Kahneman was born in Tel Aviv, Israel, on March 5, 1934, and was raised in Paris until his family fled Nazi-occupied France. He graduated from Hebrew University in 1954 and received a doctorate in psychology from the University of California, Berkeley, in 1961. In 1993, he joined the faculty of Princeton University, where he spent much of his career. He went on to receive the Nobel Memorial Prize in Economic Sciences in 2002 and the Presidential Medal of Freedom in 2013.
Kahneman was the author or coauthor of seven books, including the 2011 bestseller Thinking, Fast and Slow (FSG).
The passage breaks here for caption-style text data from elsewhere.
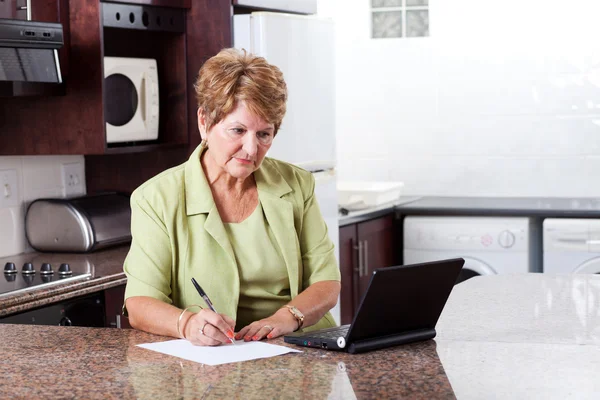 Senior woman doing home finance — Stock Photo, Image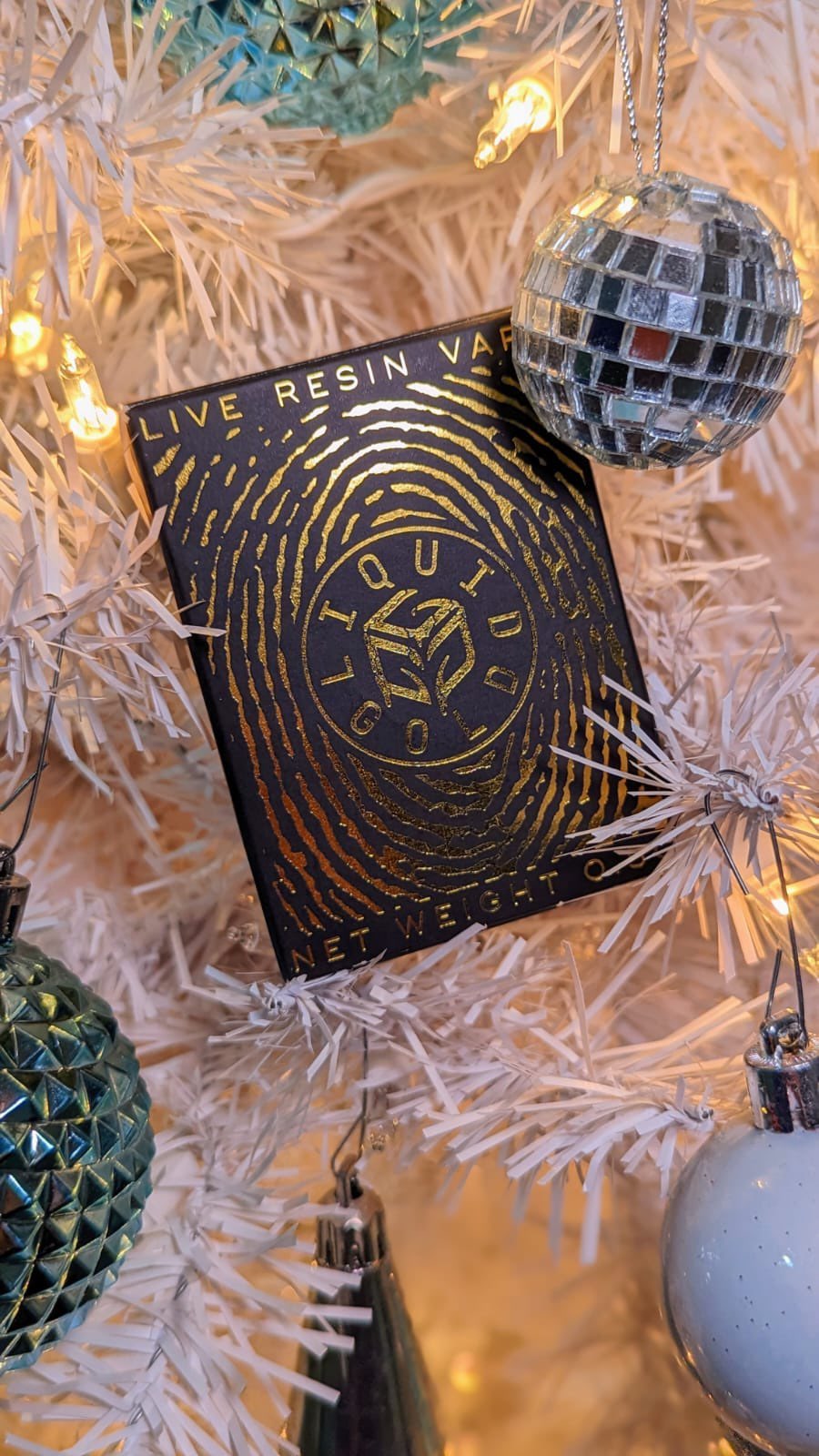 We have the best last-minute, non-boring stocking-stuffer gifts! 🧑Come and say hello to our friends from @greengoldgroup 3pm to 7pm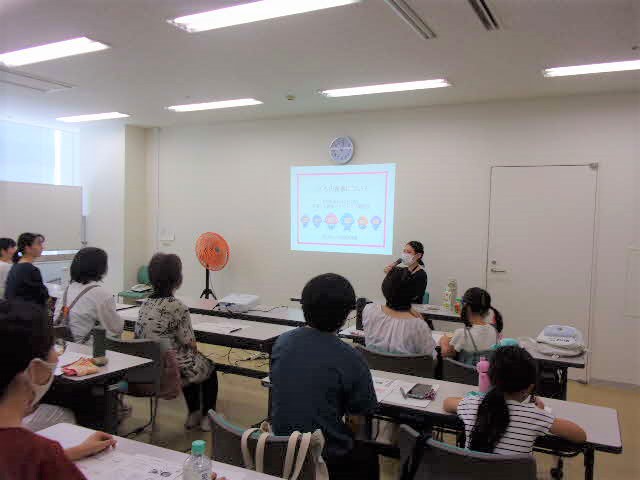 ファミサポ講習会で講演を聴く参加者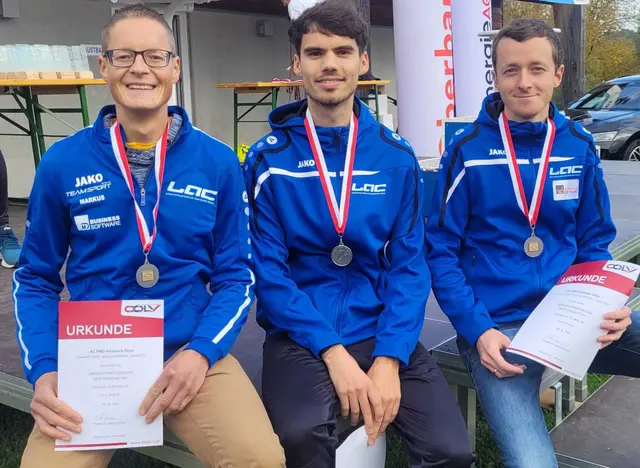 Markus Schreiner, Tobias Rattinger und Martin Pötz (v. li.).
 | Foto: LAC BMD Amateure Steyr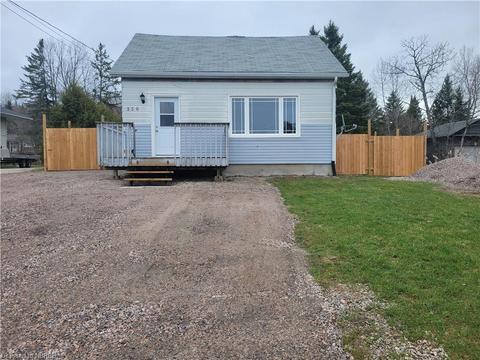 350 Main Street, House detached with 2 bedrooms, 1 bathrooms and 2 parking in Powassan ON | Card Image
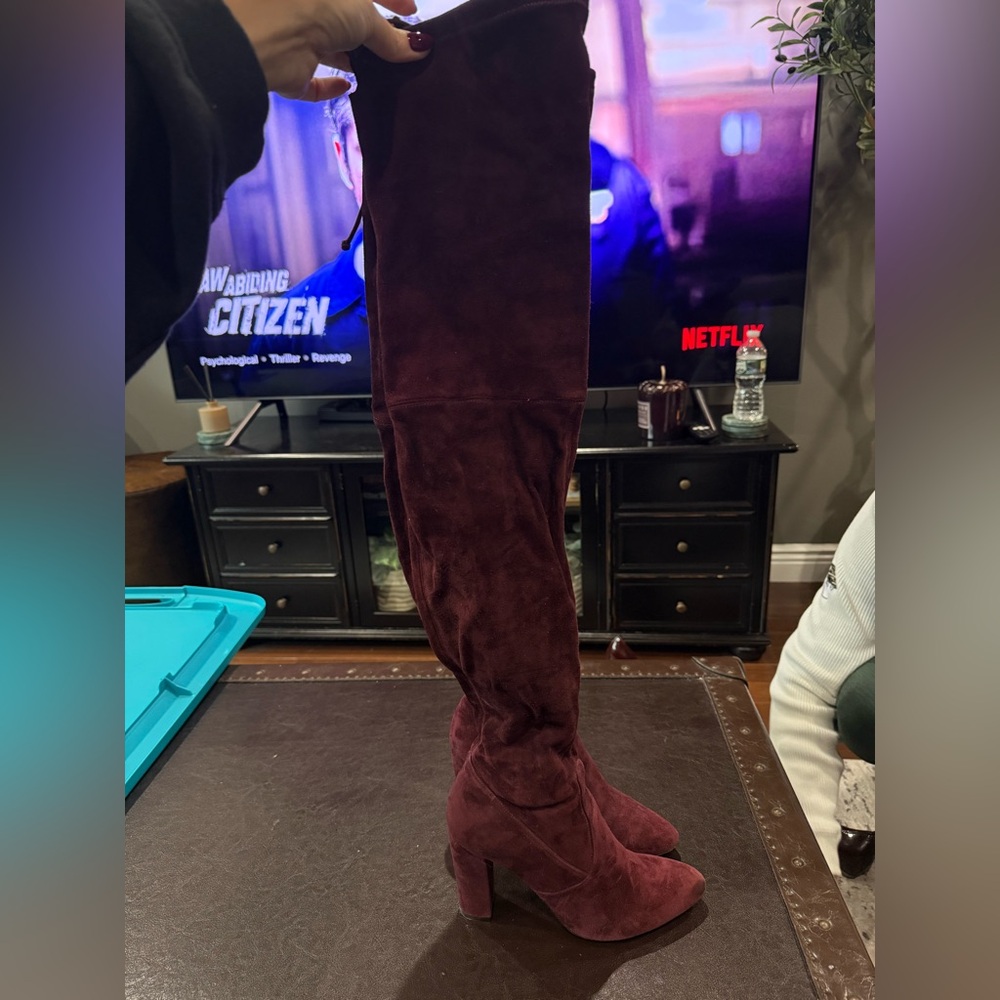 Vero Cuoio Deep Red Suede Boots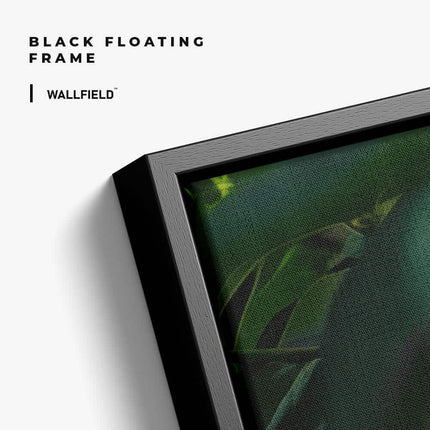 "Tucan between the Leaves"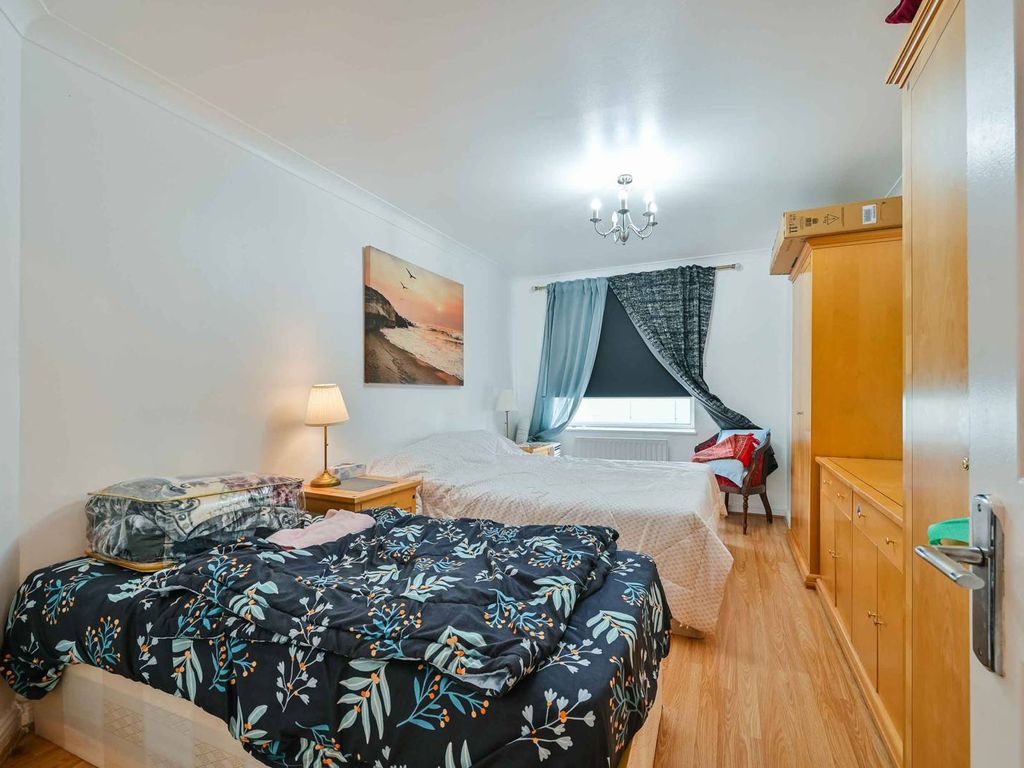 3 bed flat for sale in Royal Langford Apartments, St John's Wood, London NW6, £1,000,000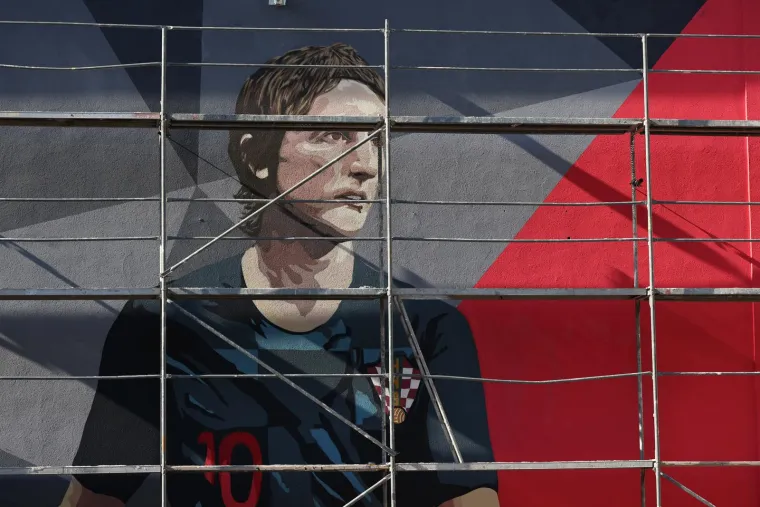 Luka Modrić dobio prekrasan mural. Izradili ga studenti likovnih umjetnosti, a pogledajte u kojem se gradu nalazi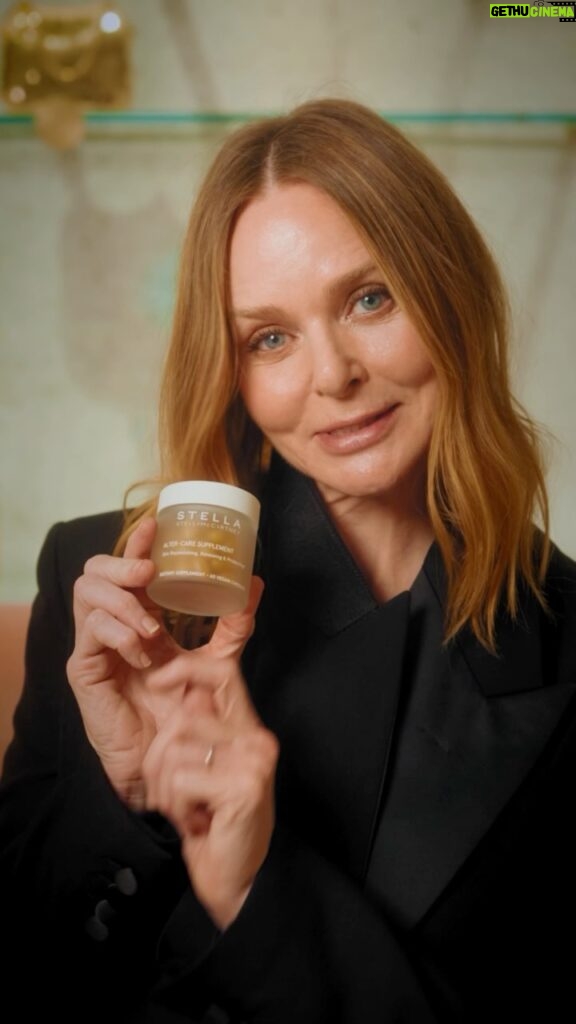 Stella McCartney Instagram - STELLA SKINCARE: The miracle pill you’ve been waiting for… I’m so excited to share our newest @StellaMcCartneyBeauty innovation with you. Alter-Care Supplements are the world’s first #vegan beauty edible that works from the inside to deliver plumper, smoother and more radiant skin. It’s like magic in a bottle! x Stella STELLA Skincare’s packaging is crafted from recyclable materials, with a pioneering refillable system to ensure we create the least waste. Shop #STELLAskincare now at stellamccartneybeauty.com. #StellaSkincare #AtOneWithNature #StellaMcCartney #SkinSupplement #NaturalSupplements
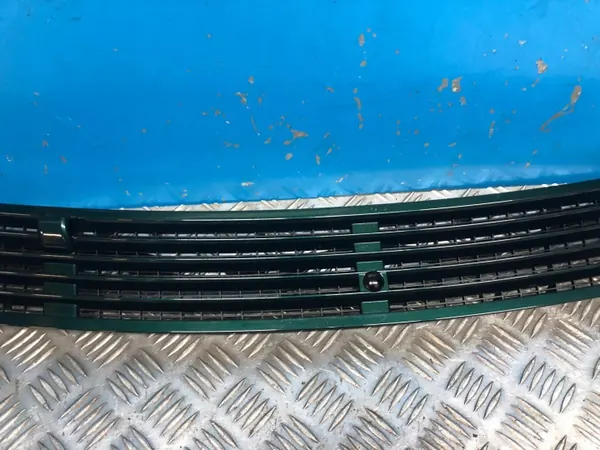 Mercedes W211 Grille OEM 2118800005 - Gebruikt image 3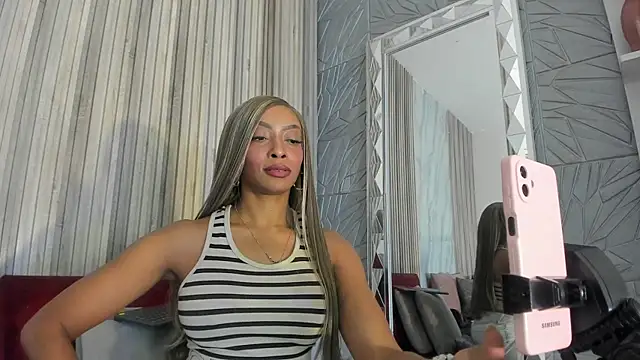 BriannaChelsea webcam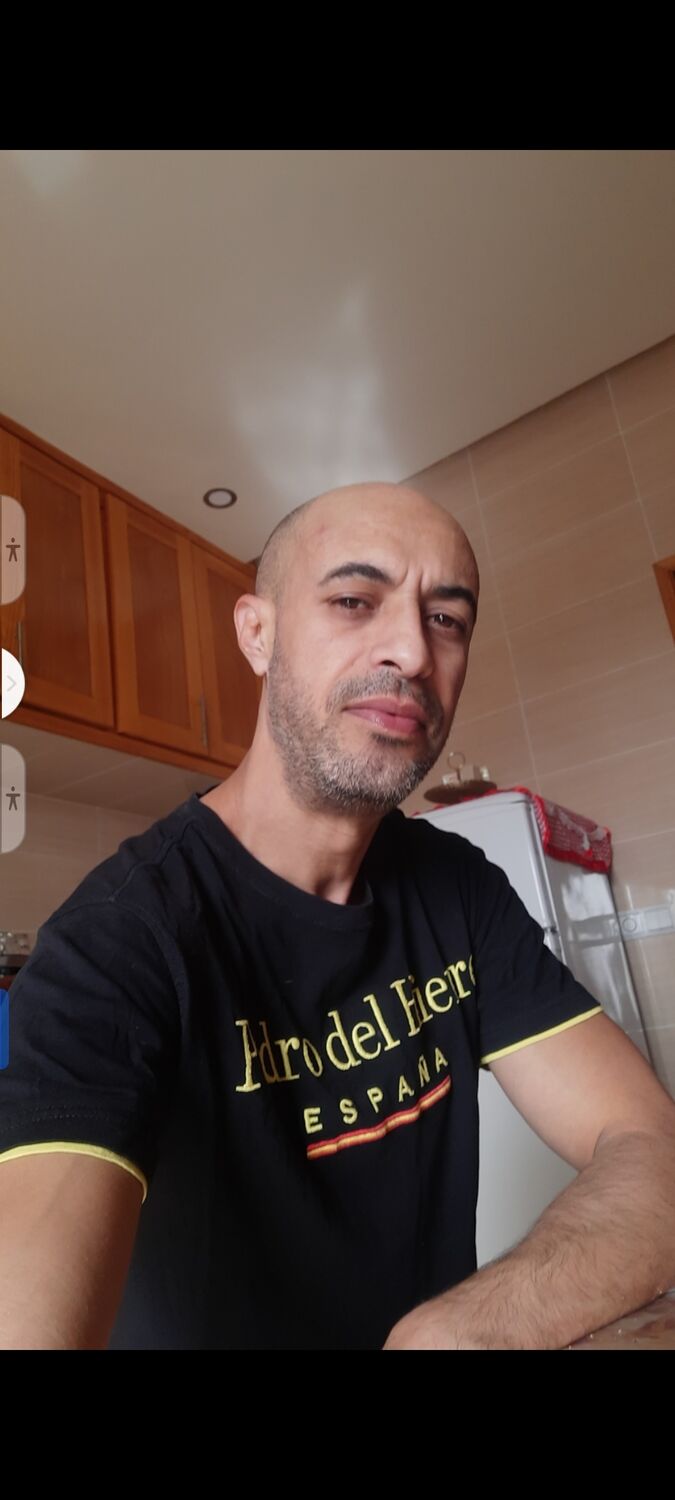  ,   Abdo, 44 ,   ,   , c 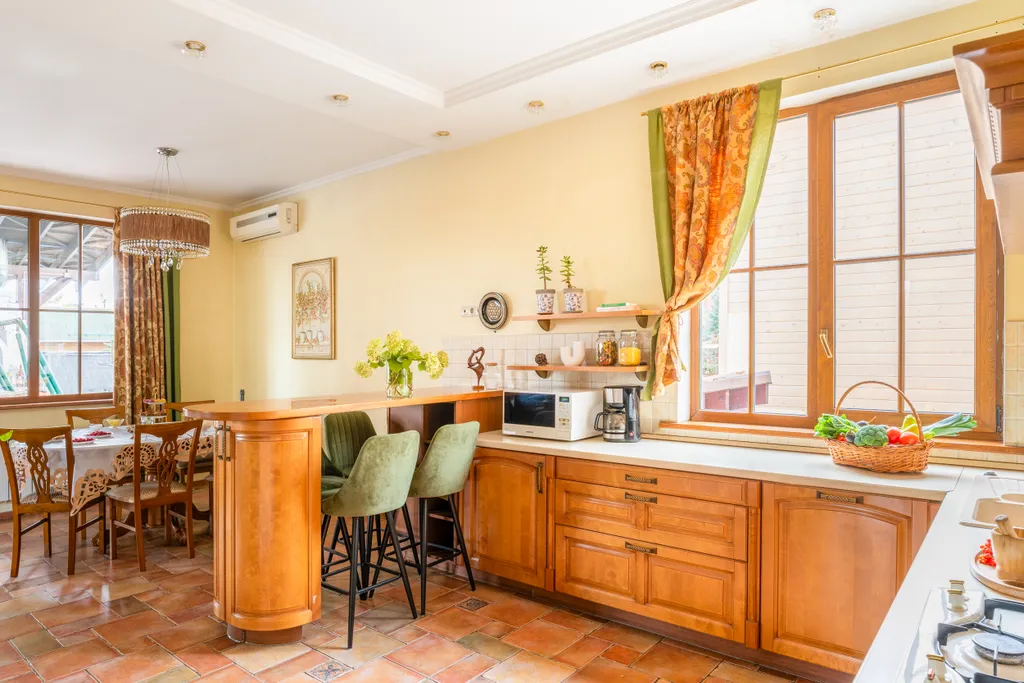 Белый коттедж с баней и бассейном рядом с озером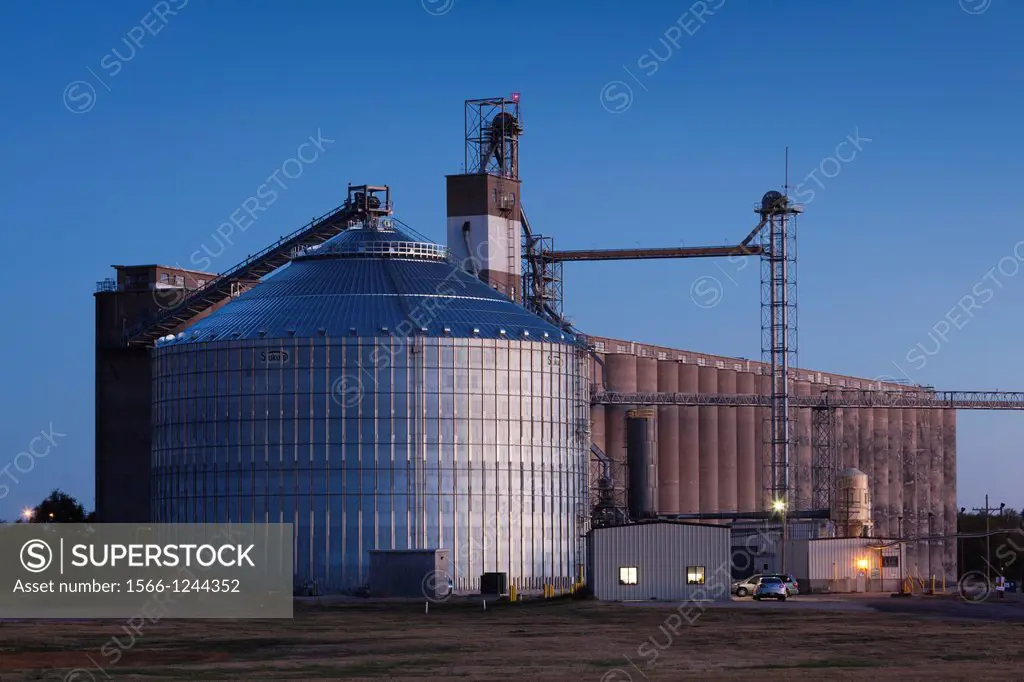 USA, Kansas, Hutchinson, grain elevator, dawn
In a starred review, PW called the book a "fascinating treatise" and al "lucid, marvelously readable guide to spotting—and correcting—our biased misunderstandings of the world," adding that it was written by "a giant in the field of decision research." His final book was 2021's Noise: A Flaw in Human Judgement (Little, Brown Spark), written with Olivier Sibony and Cass R. Sunstein, which PW called "an intricate examination of decision-making and sound judgement."
Kahneman spent three decades collaborating with friend and fellow psychologist Amos Tversky on his prizewinning research. (Tversky died in 1996, and the Nobel is not awarded posthumously.) Kahneman and Tversky's personal and working relationship was chronicled in Michael Lewis's 2016 book The Undoing Project: A Friendship That Changed Our Minds (W.W. Norton), which PW called "a joy to read, packed with 'aha!' moments, telling and at times hilarious details, and elegant explanations of complex experiments and theories."
He is survived by his partner, Barbara Tversky (widow of Amos); his two children, Michael Kahneman and Lenore Shoham; and four stepchildren, among them New Yorker fiction editor Deborah Treisman.